As 2020 comes to a close (finally!) I have spent some time reflecting on some of our engineering achievements and, more importantly, lessons of the past few years. I am documenting them openly as much for our current Criblanians but also for those who are considering joining us.
High Leverage
I believe that a resource-constrained environment is a fertile ground for innovation – startups are able to disrupt incumbents that have orders of magnitude more resources. Focusing limited resources around highly leveraged engineering decisions is a proven way to build disruptive solutions. These decisions are the ones that lead to exponential results over time – a collection of such decisions can give an eng org an unfair advantage. In engineering terms this would be equivalent to coming up with an algorithm with better time and space complexity. I will list two examples of such decisions we’ve made that have accelerate building of LogStream.

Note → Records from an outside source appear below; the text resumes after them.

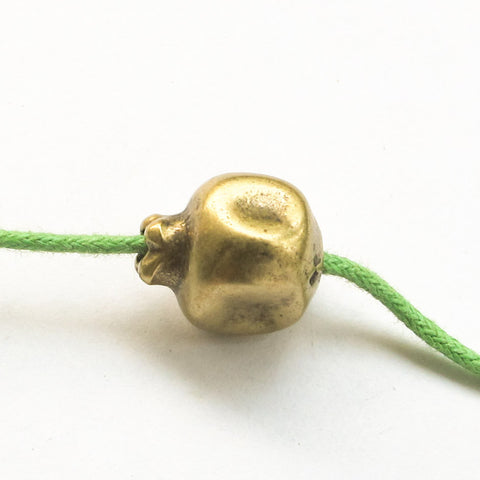 Greek Pomegranate Bead, Antique Bronze, Good Luck fertility charm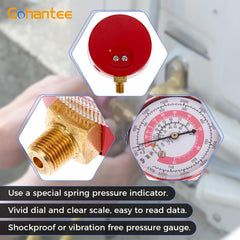Gohantee red dial closeup illustrating clear high-pressure scale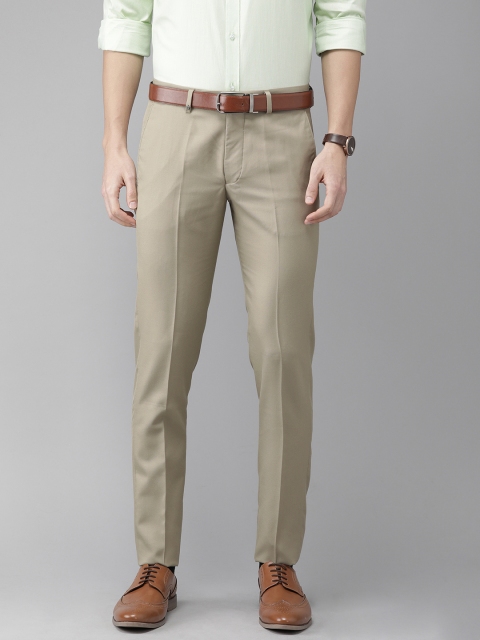 

Turtle Men Beige Ultra Slim Fit Solid Regular Trousers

JavaScript – there are many facets to this decision, but for now I’ll focus on the decision to expose JS expressions as a way for users to select and manipulate their data. It is very common in data processing for products to create custom DSLs – which requires massive efforts not only in design and implementation but also in training materials, UX support, troubleshooting tooling etc. Compare that to adopting the most popular programming language – not only bringing all those costs almost down to 0, but also minimizing time to market
JSON-schema – since the very beginning we chose to standardise and use it throughout the product, to concurrently solve three problems (a) specify configuration schema (b) perform consistent validation and (c) drive the front-end display. This allowed us to ensure that everything is configurable via the UI with minimal involvement from frontend developers
These are just a few examples for key decisions that concurrently addressed 3 or more problems that we were either facing or would soon be. You’ll see this theme intertwined on all our principles below.
High Impact
One of our core values is: Customers First, Always – in engineering the following two questions are key to every new feature we work on:
What problem are we solving?
… and for whom?
Building sexy features, using high leverage engineering decisions that provide value to no-one is … well, pointless. Everyone wants to work on the next shiny feature, however at Cribl we focus primarily on the impact of that feature on our customers. In enterprise software there are many mundane, boring, non-sexy features required in order for the product to be viable long term. Meaning, all those cool features driven by the latest in unbounded machine learning and AI would never have a chance to be tried or ever used. I’ll mention two examples:
Capture & Preview – users of streaming systems have a need to be able to introspect the stream and be able to get a sample of the live data. This allows them to ensure that data is in the right shape and headed to the right system. If any changes need to be made we want users to get instant feedback on their changes, however it is undesirable to make changes directly in the production stream. This is where preview shines, giving users the ability to feed the sample data through the data processing pipelines they’re working on, thus not only getting immediate feedback and reducing frustration but also increasing the confidence in their work.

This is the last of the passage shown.